Jeff Alstott: My recommendation is “The Extended Mind” by Andy Clark and David Chalmers. There may be just an article, but there’s also a book on the extended mind by Andy Clark. This is a classic cognitive science piece.
Because I’m a cognitive scientist, which was my original training, I assert that if you’re thinking about AI futures, what’s happening with the human condition and AI, and what’s possible, much of the older cognitive science work will be more helpful for making accurate predictions and bets than the particulars of machine learning today. The machine learning particulars may matter too, but if you’re looking more than five years out, certainly more than ten years in the future, you shouldn’t focus on LLMs specifically, but rather on more fundamental cognitive science concepts.
The concept of the extended mind, which people were thinking about decades ago in cognitive science, relates directly to the issues you brought up about AI companions. It’s essentially about how we think about what our mind is, where it lives, and where it’s physically instantiated. This includes obvious things like notes. You write down notes and they become part of your mind. Your brain remembers pointers to the notes, but not the contents themselves. There are definitely people who are diminished when they don’t have their notes available.
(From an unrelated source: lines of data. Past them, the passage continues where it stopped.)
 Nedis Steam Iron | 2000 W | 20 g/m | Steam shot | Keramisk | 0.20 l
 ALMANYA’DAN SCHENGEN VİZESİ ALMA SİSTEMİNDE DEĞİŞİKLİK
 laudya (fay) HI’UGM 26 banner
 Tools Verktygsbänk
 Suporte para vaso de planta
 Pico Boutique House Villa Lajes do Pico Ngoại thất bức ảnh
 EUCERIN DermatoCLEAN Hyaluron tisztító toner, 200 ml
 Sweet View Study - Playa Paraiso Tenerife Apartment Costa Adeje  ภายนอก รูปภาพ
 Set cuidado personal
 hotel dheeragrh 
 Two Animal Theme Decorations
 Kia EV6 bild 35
Books, AIs, and other tools are all part of your extended mind system.
If you want to think about how different AI futures could work, cognitive science in general, and if you care about the AI companions issue for presidents or otherwise, then “The Extended Mind” in particular is essential reading.
Jordan Schneider: That’s a beautiful thought. I’ve done a lot of self-promotion on this episode, but we’ll close with it being an honor and a pleasure to be part of this audience’s collective mind. Thank you for your time and for trusting the show, the team, and my guests to create content that stretches your extended mind in interesting and useful ways. Thanks so much for being part of ChinaTalk, Jeff.